Though the repressive regimes kept their territories safe, the people’s urge for reprisal morphed into a hatred of the US. These countries wealth was never oil, but it’s civilisation.
Damn sure, Man Mohan Singh’s ‘guru’, Obama is going to feel the pinch of the moment in the next elections. And in last, but not least, it is going to be a tightrope walk for our neighbour Pakistan. The clerical tsunami in the PK will vanish; the Mubarak moment is waiting to come there. The revolutions have been betrayed the people, but the moment of truth will survive and in mind for ever.
PM’s moment of truth
Man Mohanji UPA- version No 1 was not a ‘weak’ prime minister when there were people to back him from Left, right and elsewhere. Now things have changed for the worse, with coalition dharma off the track. Grapewine is that he has little idea about what is happening in the country, and the world, except in the US! Remember those supercilious words from the horse’s mouth. “Now we are changed and we have no time to teach others the ABC of democracy.” Wow! Democratic India has changed. I could see   Man Mohanji on a run to join the bandwagon of the very M moment. Domestic conditions are suitable for this, from 2G to S-deal and CWG to CVC, the professor Moricarty had lest remembered the Gandhian values. Despite his grand economic plans, the unbridgeable divide between the billion dollar people and millions living in slums continues to widen. He is a man of deals, I should say, the king of deals. Remember the nuclear deal saga, an image makeover act. Nonetheless, his cabinet colleagues, like Raja, were also pitched into the world of ‘deals’, and got their deals right, though cost the Rs, 1.76 000000000000 lakh. Singh is King, but, Man Mohanji UPA- version No 2 is not.

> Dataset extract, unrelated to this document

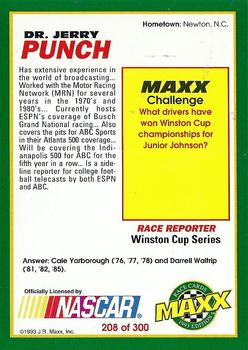 1993 Maxx #208 Jerry Punch Back
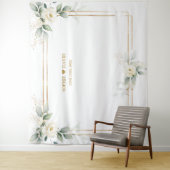 Tenture Accessoire de photo Fleurs Blanches Végétation Aér (En situation)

The UPA’s confidence deficit raj is evident in all matters, from Telangana to Tamil fishermen issue and scoring self goals with Pak, he is really groping in the dark, waiting for the true light to come in right moment. Nobody is putting spanner in his work, but Singh is whining.
Kerala’s temerity
Gone are the days when tea was national drink, of the state. The state soon to declare rum as its official drink; and is indirectly pays a heavy cost due to illness, loss of productivity, death and crimes caused. Holiday or no, morning or evening there is a long queue of people in front of wine shops. The state, as an onlooker, is waiting for that moment. Be it development or polls, Kerala has its own style. The oscillating movement of power sharing between two fronts can be an eye opener for the nation. The state bunked five years for getting into the international IT map. When elections come calling, the Left government is stepping out of its skin to catch the development bus. Reasons unknown, the people allow the Left and the Right attain the M moment every five years of ruling, a significant phenomenon in the country, others can emulate.
Karnataka’s pain
The regressive political formation bereft of politics looks like a circus in Chief Minister Yeddyurappa’s land. Yeddys will come and go, the state won’t change. MLAs, irrespective of party colours, will switch loyalty, give lectures about community, insider-outsider fight and will conduct more Kannada sammelanas in 2050 also. A Mubarak moment in the offing? Not sure.